Halloween means All Hallows Eve. It is the day before All Hallows Day. She is under the impression that All Hallows Day and Halloween are the same thing. She obviously didn't pay attention in English class.


----------



## GothicCandle (Mar 26, 2007)

Evil Queen said:


> Halloween means All Hallows Eve. It is the day before All Hallows Day.


I know this. and I thought most(if not all) people knew this. So thats what I'm saying, how many people don't know this!?


----------



## Lilly (Jun 13, 2006)

I think her misconception is the "eve" part which to most is the day before...
xmas eve . newyrs eve... 
when people read 'eve' they think the night before. I would guess people not into Halloween think the same


----------



## slimy (Jul 12, 2006)

The stupidity of the general public never ceases to amaze me.


----------



## Revenant (Mar 17, 2007)

Remember, we live in a culture where instructions are posted on packages of moist towelettes and toothpicks.


----------



## Bloodhound (Oct 16, 2007)

Revenant said:


> Remember, we live in a I have no common sense culture where instructions are posted on packages of moist towelettes and toothpicks.


I added


----------



## Liam (Mar 23, 2007)

I wish I were still surprised by idiocy. Turns out that I'm not. 
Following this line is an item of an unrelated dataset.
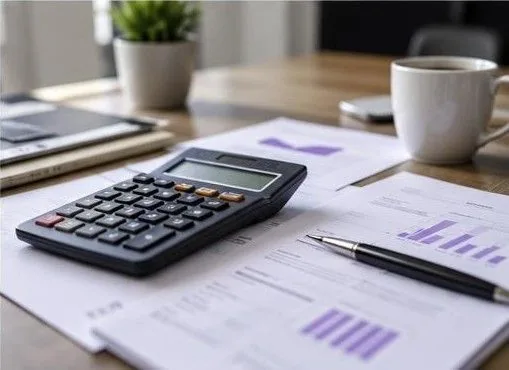 Calculatrice et factures sur un bureau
Sometimes I just want to kick people.


----------



## eanderso13 (Apr 10, 2008)

It is quite amazing, isn't it? I think it may stem from most people accepting what they are told as truth, and never researching for themselves. I'm sure these same people would deny up and down until the next ice age, instead of actually finding out for themselves, that the reason Christmas is December 25 is because the church found it easier to assimilate conquered pagan nations into Christianity if they allowed them to keep the dates of their pagan festivals and just "re-brand" them as Christian holidays...


----------



## tuck (Oct 27, 2007)

Ok I'll play devil's advocate here. 

I really do not think the general public is stupid or ignorant on this subject. They just are not into Halloween like some people on here are. That does not make them stupid. It just means they are less informed, or do not want to be informed. The hobby here is Halloween. My other hobby is marine aquariums but just because I know more about it than many others does not make them ignorant or stupid, it just means they know less about the subject. 

If you truly want to help those less fortunate than ourselves on the subject do not become irate or belittle them, but instead educate them so that they too can become a more informed person. 

....and I'm coming down off the soapbox


----------



## psyko99 (Jan 11, 2008)

Eanders hit the nail on the head. As a former Social Studies teacher I applaud him for having paid attention in class  . 

Actually, when I was growing up we called the night before Halloween 'Devil's night.'


----------



## eanderso13 (Apr 10, 2008)

Psyko99, I grew up near Detroit, and that's what it was always called there, as well...I'm sure everyone has heard the stories...

Thanks for the applause.


----------



## IshWitch (May 31, 2006)

Tuck is right, lets not be too quick to call people stupid because they don't know details about something. For one thing, most religions don't even honor Nov. 1st as a holiday, so it is just out of their realm of knowledge. 

I don't know much about Passover or Yom Kippur, but rather than getting put out, our Jewish unit secretary explained her family's traditions. So rather than accuse, share and explain. You might just get a convert! Break down Halloween for them, most people (even some enthusiasts that I've met) don't get the Hallowe'en spelling.


----------



## GothicCandle (Mar 26, 2007)

yeah, i guess people are not idiots, just un-informed. Sad though.


----------



## BudMan (Mar 6, 2007)

Well I for one am standing proud and shouting at the the top of my lungs that I am stupid. Makes people expect much less of you, but don't tell too many people, otherwise EVERYONE will be "stupid".
Actually, I know that Halloween and All Hallow's Eve are the same thing, but I'm not really up on all the history, nor am I an authority on the Pagan/ Christian correlation. Perhaps, someone would like to enlighten me, I'm always interested in new things.


----------



## Evil Queen (Mar 8, 2008)

BudMan here's a good place to start.

http://www.geocities.com/Athens/Forum/7280/


----------



## eanderso13 (Apr 10, 2008)

I know that a lot of our current Halloween traditions are passed on from Irish and Scottish immigrants. Instead of carving pumpkins, though, the Scottish would carve lanterns out of turnips! There's actually been a push lately from some people across the pond there to abandon more "Americanized" Halloween traditions and try to revive the old-world traditions...


----------